• Goal of the exercise: Return only the lines of the listing below that run from the line with "Info Harga Emas Screenshots 6" through the line with "消息中间件 Message-oriented middleware", both ends included, exactly as written.

• Records provided:
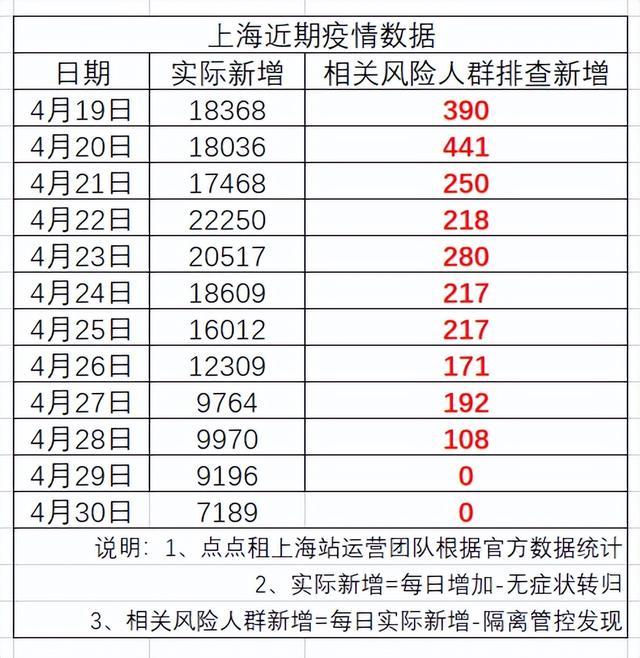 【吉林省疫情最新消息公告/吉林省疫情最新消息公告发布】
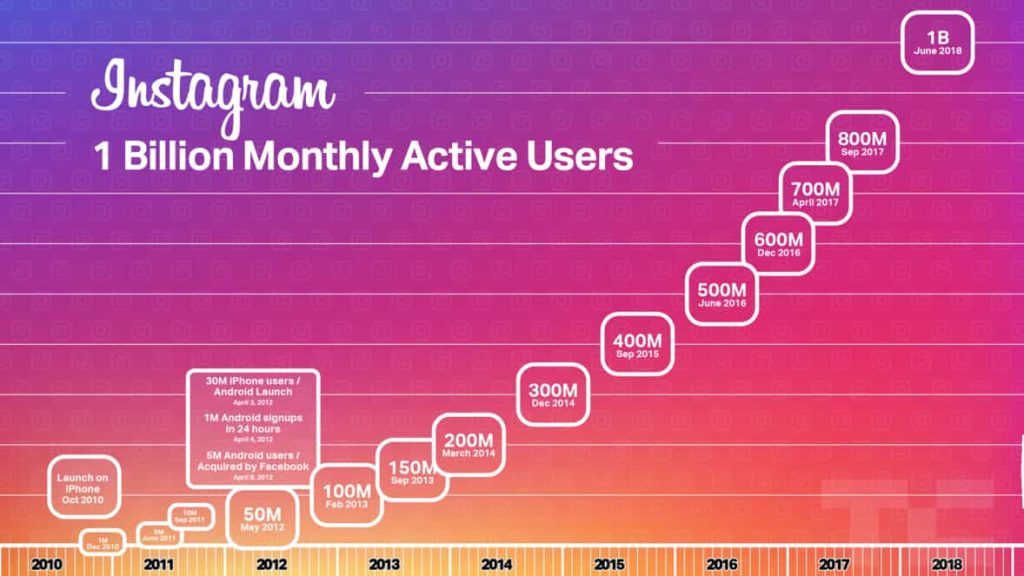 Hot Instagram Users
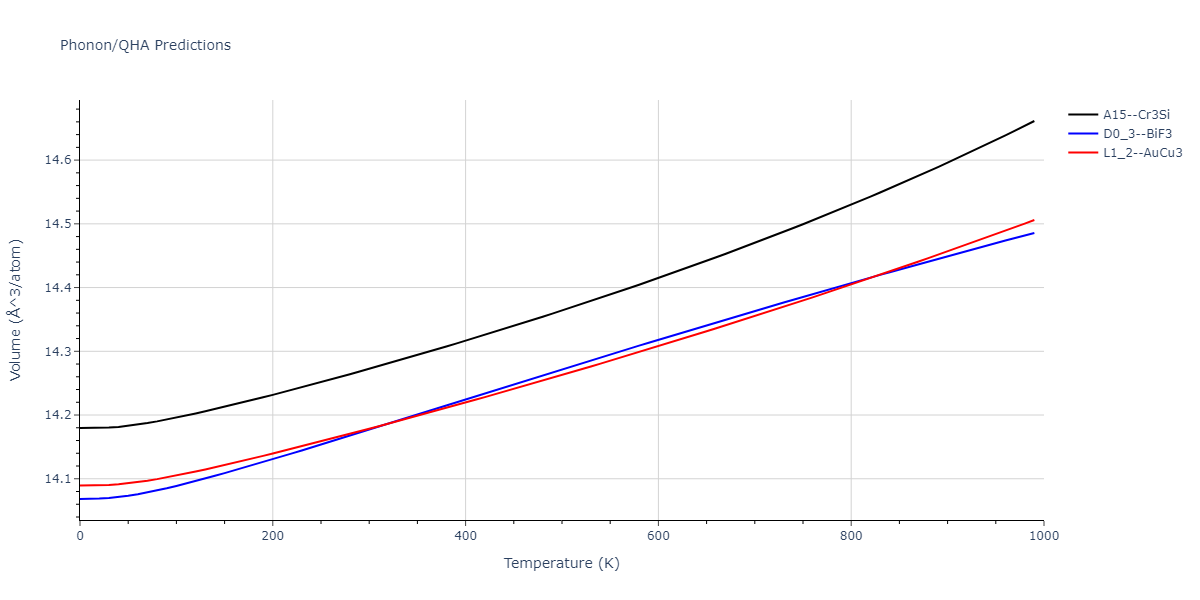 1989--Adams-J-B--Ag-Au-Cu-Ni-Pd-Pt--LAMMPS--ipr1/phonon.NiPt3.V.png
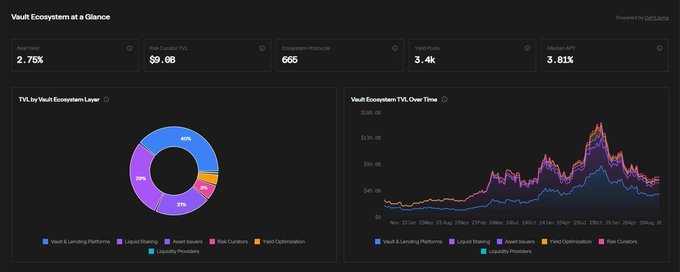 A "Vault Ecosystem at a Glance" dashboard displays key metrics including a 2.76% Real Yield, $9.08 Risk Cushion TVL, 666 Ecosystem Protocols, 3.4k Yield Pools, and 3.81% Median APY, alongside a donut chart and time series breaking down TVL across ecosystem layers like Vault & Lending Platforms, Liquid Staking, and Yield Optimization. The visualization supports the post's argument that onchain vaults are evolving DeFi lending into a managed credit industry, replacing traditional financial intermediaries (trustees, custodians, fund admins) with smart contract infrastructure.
--
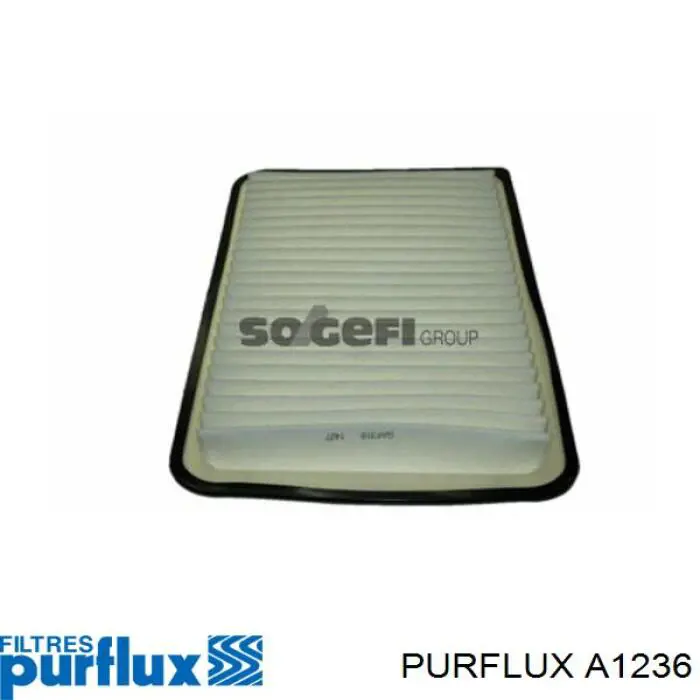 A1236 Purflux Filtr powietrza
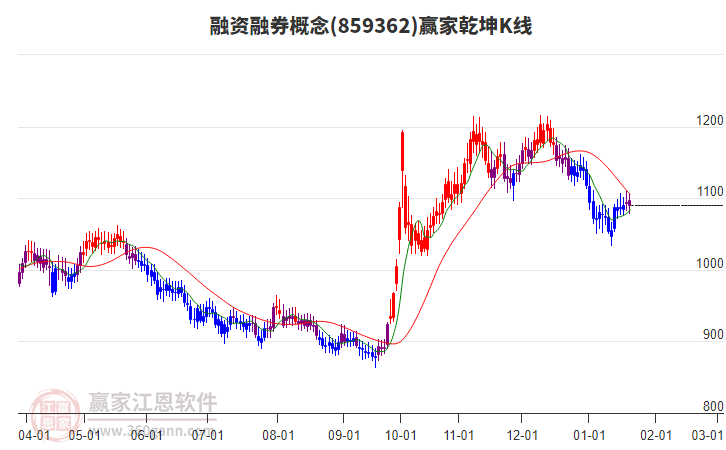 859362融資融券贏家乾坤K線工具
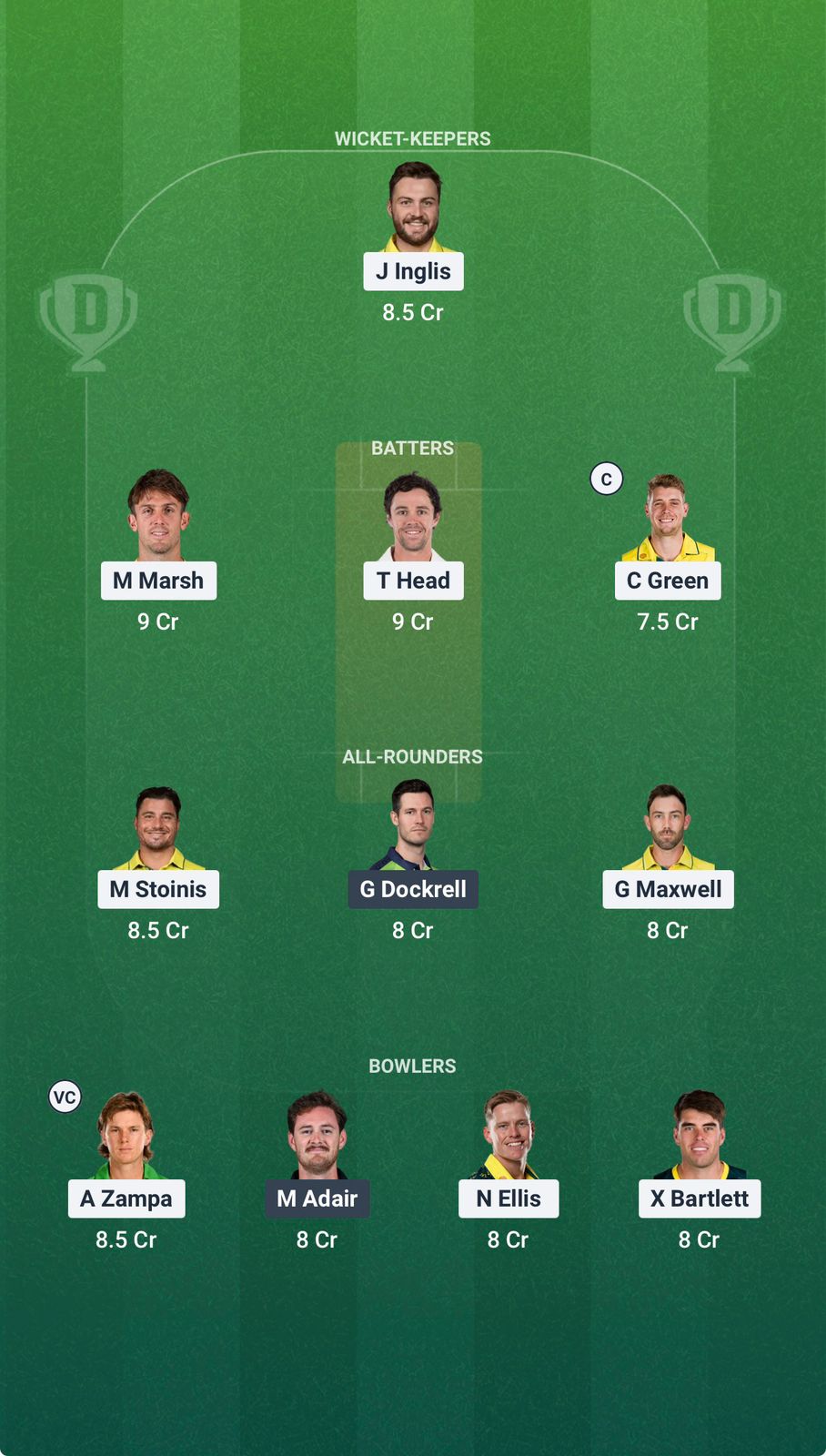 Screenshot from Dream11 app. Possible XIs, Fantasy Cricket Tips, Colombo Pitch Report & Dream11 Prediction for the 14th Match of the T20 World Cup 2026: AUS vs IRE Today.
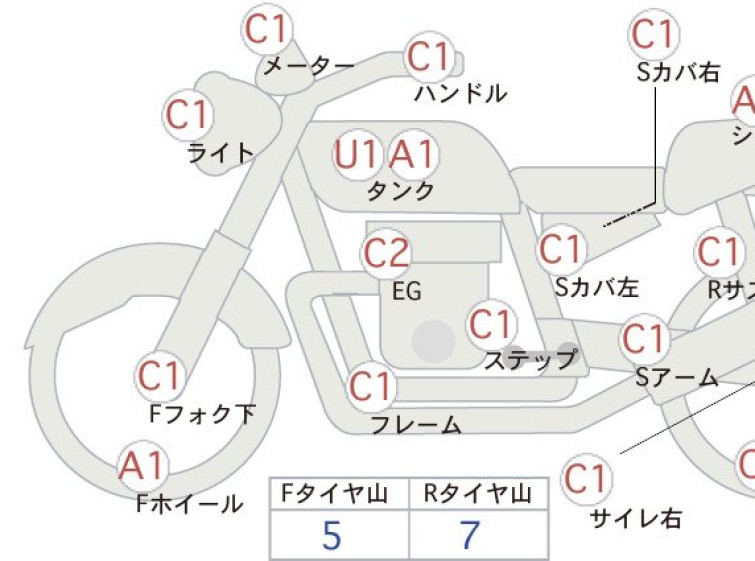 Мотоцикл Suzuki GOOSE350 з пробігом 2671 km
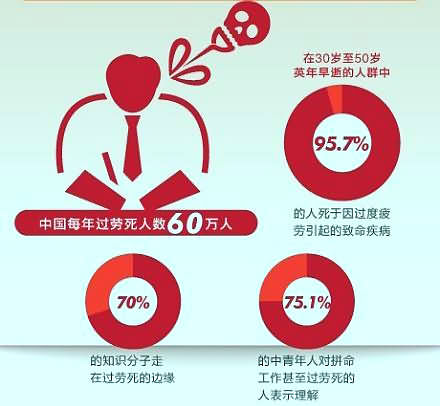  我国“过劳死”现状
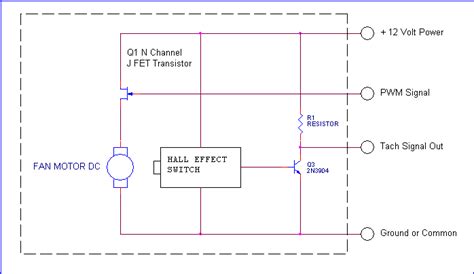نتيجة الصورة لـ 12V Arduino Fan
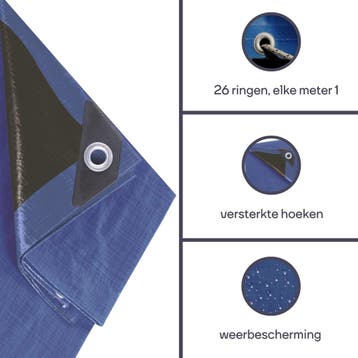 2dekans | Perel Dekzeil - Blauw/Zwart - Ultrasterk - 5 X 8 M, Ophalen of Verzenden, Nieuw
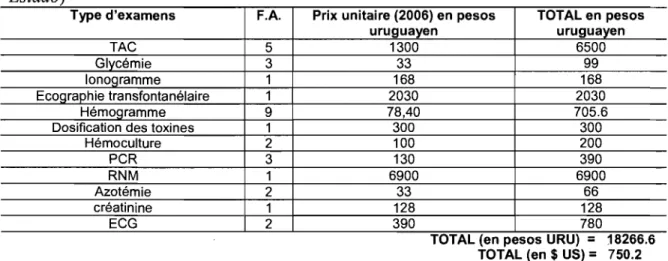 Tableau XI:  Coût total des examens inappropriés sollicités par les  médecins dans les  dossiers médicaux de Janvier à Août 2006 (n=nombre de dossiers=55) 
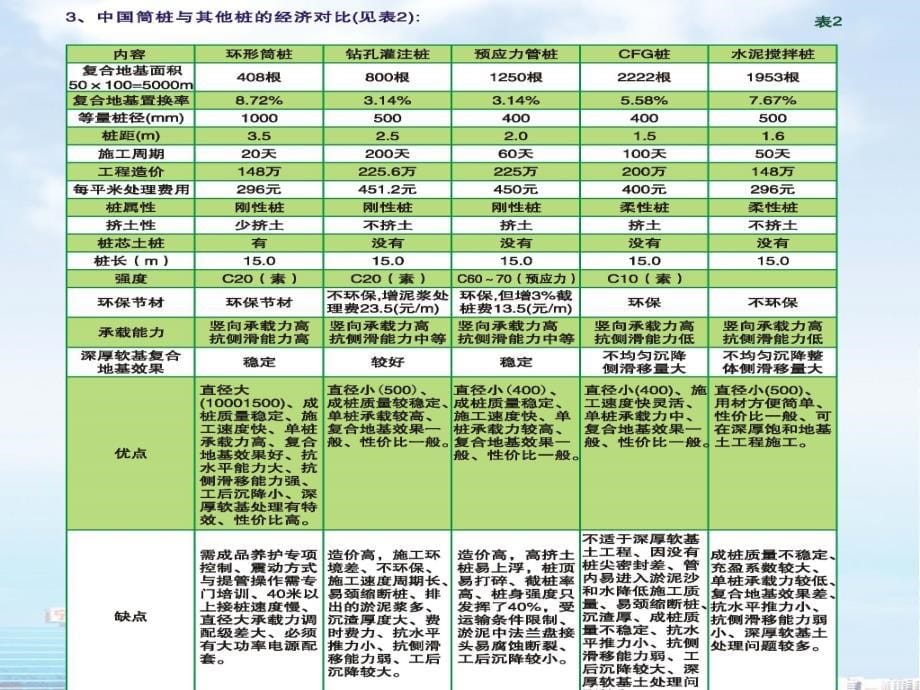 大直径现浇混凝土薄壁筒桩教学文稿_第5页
---
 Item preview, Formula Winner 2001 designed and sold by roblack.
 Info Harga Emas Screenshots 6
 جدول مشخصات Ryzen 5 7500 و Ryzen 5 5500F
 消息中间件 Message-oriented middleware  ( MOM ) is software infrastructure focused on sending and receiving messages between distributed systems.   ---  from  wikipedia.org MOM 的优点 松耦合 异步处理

• Solution to this task:
 Info Harga Emas Screenshots 6
 جدول مشخصات Ryzen 5 7500 و Ryzen 5 5500F
 消息中间件 Message-oriented middleware  ( MOM ) is software infrastructure focused on sending and receiving messages between distributed systems.   ---  from  wikipedia.org MOM 的优点 松耦合 异步处理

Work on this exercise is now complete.